Work to complete:
For this exercise, output the entries below exactly from the line that holds "Hi y'all, Liz" to the line that holds "Now let's test", both ends included. No pictures belong in the copy.

Exercise input:
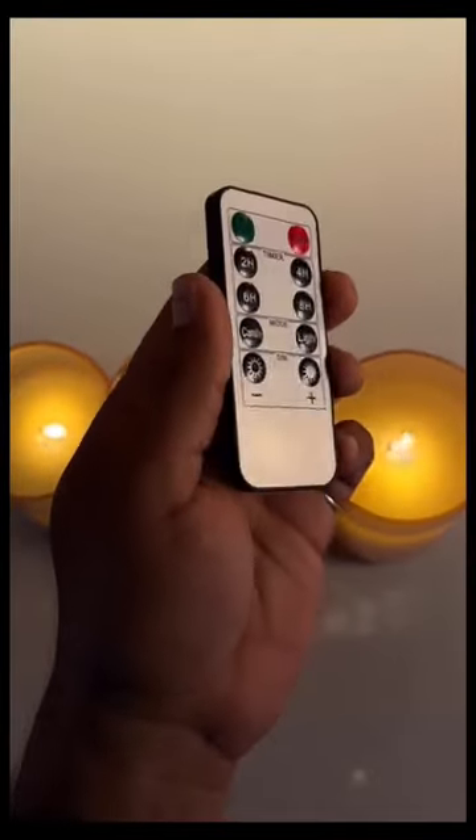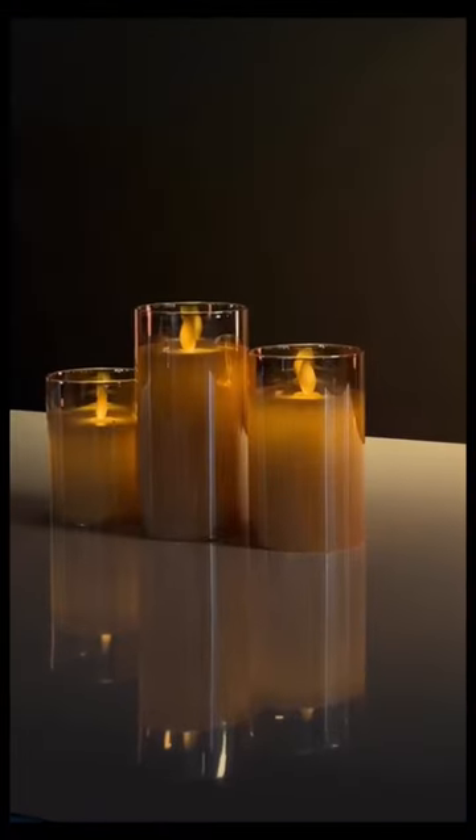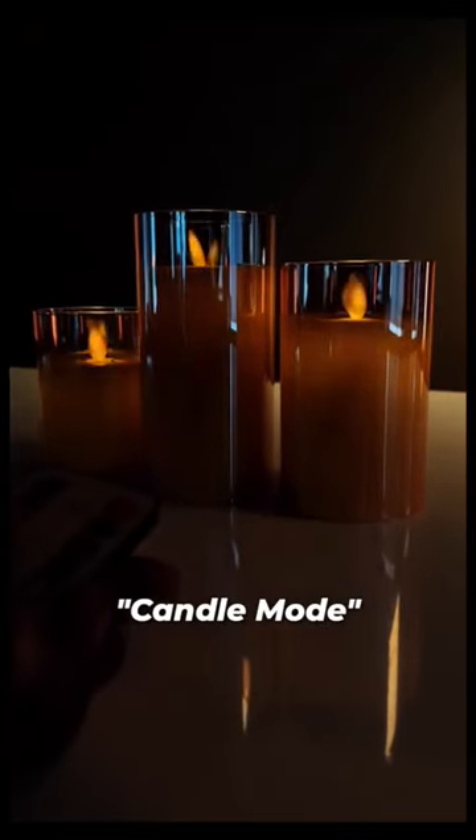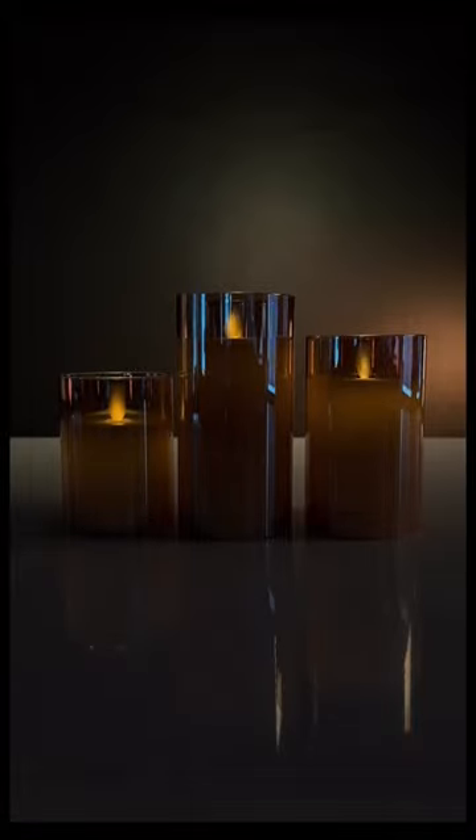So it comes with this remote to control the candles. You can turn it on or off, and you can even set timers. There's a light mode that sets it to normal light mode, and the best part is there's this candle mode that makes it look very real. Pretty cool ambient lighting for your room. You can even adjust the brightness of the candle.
...
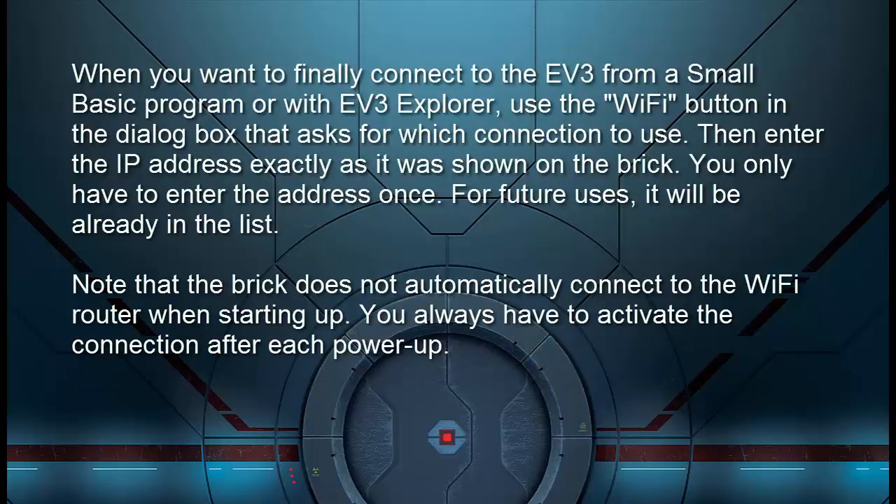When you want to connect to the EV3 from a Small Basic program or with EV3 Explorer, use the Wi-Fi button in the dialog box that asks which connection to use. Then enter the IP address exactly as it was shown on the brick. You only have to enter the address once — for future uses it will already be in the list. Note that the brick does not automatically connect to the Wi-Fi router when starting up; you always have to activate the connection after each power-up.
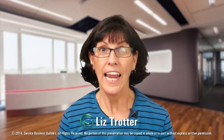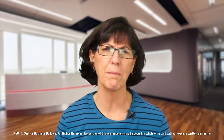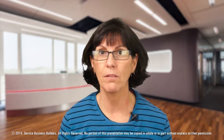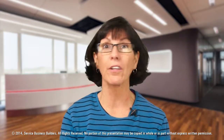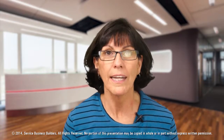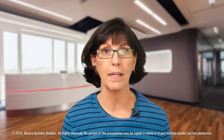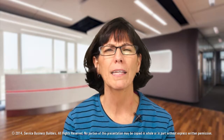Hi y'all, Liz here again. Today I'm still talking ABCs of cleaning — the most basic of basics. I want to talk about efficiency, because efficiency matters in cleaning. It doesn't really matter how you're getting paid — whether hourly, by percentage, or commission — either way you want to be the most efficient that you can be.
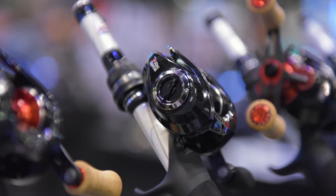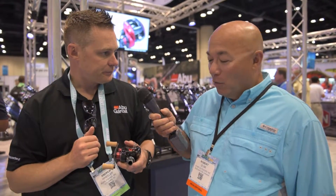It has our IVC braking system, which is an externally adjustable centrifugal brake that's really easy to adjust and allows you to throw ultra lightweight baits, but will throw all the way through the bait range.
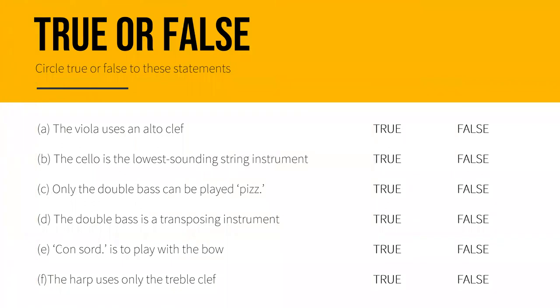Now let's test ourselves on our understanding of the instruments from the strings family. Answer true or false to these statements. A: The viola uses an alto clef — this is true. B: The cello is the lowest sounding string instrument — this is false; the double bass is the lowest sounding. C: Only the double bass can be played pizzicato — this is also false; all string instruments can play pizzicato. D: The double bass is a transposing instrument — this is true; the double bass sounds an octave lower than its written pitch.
---
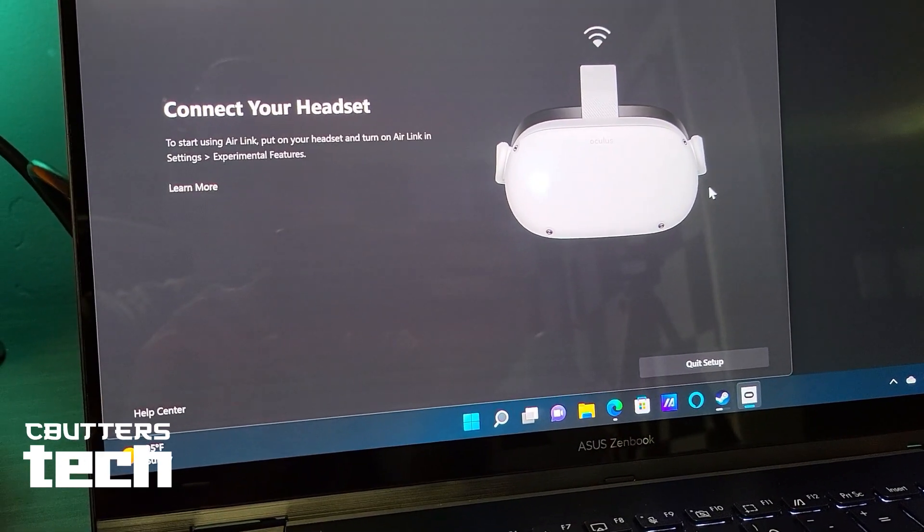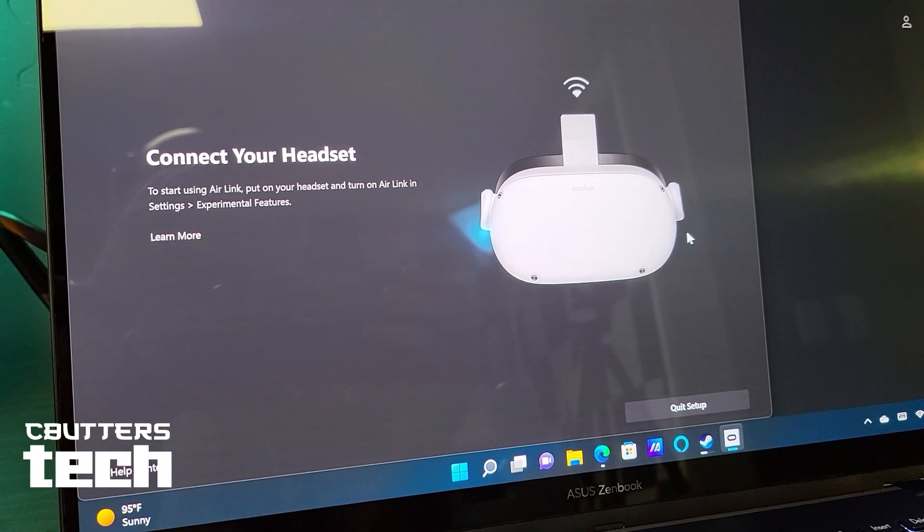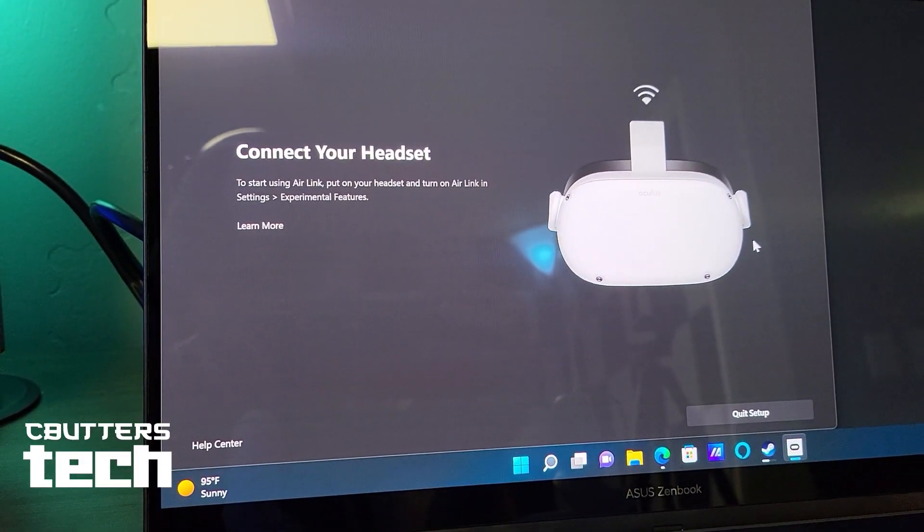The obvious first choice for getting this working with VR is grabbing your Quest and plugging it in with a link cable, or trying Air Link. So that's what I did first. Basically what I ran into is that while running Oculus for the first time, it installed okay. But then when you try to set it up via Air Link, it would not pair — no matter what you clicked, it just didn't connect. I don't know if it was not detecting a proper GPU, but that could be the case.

Response for this exercise:
Hi y'all, Liz here again. Today I'm still talking ABCs of cleaning — the most basic of basics. I want to talk about efficiency, because efficiency matters in cleaning. It doesn't really matter how you're getting paid — whether hourly, by percentage, or commission — either way you want to be the most efficient that you can be.
It has our IVC braking system, which is an externally adjustable centrifugal brake that's really easy to adjust and allows you to throw ultra lightweight baits, but will throw all the way through the bait range.
Now let's test ourselves on our understanding of the instruments from the strings family. Answer true or false to these statements. A: The viola uses an alto clef — this is true. B: The cello is the lowest sounding string instrument — this is false; the double bass is the lowest sounding. C: Only the double bass can be played pizzicato — this is also false; all string instruments can play pizzicato. D: The double bass is a transposing instrument — this is true; the double bass sounds an octave lower than its written pitch.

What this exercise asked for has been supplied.